Inside Job, c'est "le crime de l'intérieur". Et c'est précisément à l'intérieur du système financier états-unien que Charles Ferguson nous emmène. Une incursion dans un monde nébuleux, a priori peu cinématographique. Mais en mêlant pédagogie, investigations et sens du paradoxe, en misant sur la densité d'informations et un rythme de narration soutenu, le réalisateur réussit à nous captiver du début à la fin. La profusion d'explications, d'interviews, de graphiques... donne certes un peu le tournis. On ne comprend pas tout, on ne retiendra pas tout non plus. Mais l'ensemble est instructif et éclairant, notamment en matière d'analyse des processus de déréglementation, de spéculation à outrance, jusqu'au comble (les banques ont notamment parié sur l'effondrement des produits qu'elles vendaient). On cerne enfin mieux le mécanisme des subprimes. Et le décryptage des relations entre les banques, les assureurs, les agences de notation, les universités et l'État, tout en conflits d'intérêts, est assez sidérant... et inquiétant. Cupidité et fuite en avant. Au final, se dessine le tableau d'un système financier fou, déconnecté de l'économie réelle, qui s'autogère et enrichit ses leaders. Tableau aussi d'un monde gouverné par la finance au détriment de la sphère politique.

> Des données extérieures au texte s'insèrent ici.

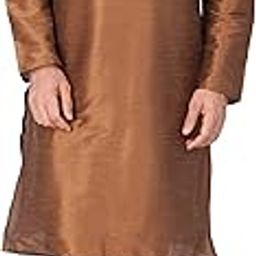 Men Cotton Silk Kurta and Pyjama Set (Coffee_VASMKCO001nPCO)-image-27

Petits bémols : le propos du début sur l'Islande, assez faible, ainsi que les cartes postales touristiques qui l'accompagnent, incongrues ; quelques effets de style superflus pour "mettre de la sauce" ; la petite grandiloquence de la scène finale ; et surtout le laïus sur la prostitution et la drogue, déplacé.
Autrement, il faut saluer l'énorme travail de recherche et de documentation, l'intelligence du projet, ses démonstrations efficaces et implacables, mais aussi les pointes d'humour, via quelques interventions croustillantes (comme celles de Christine Lagarde).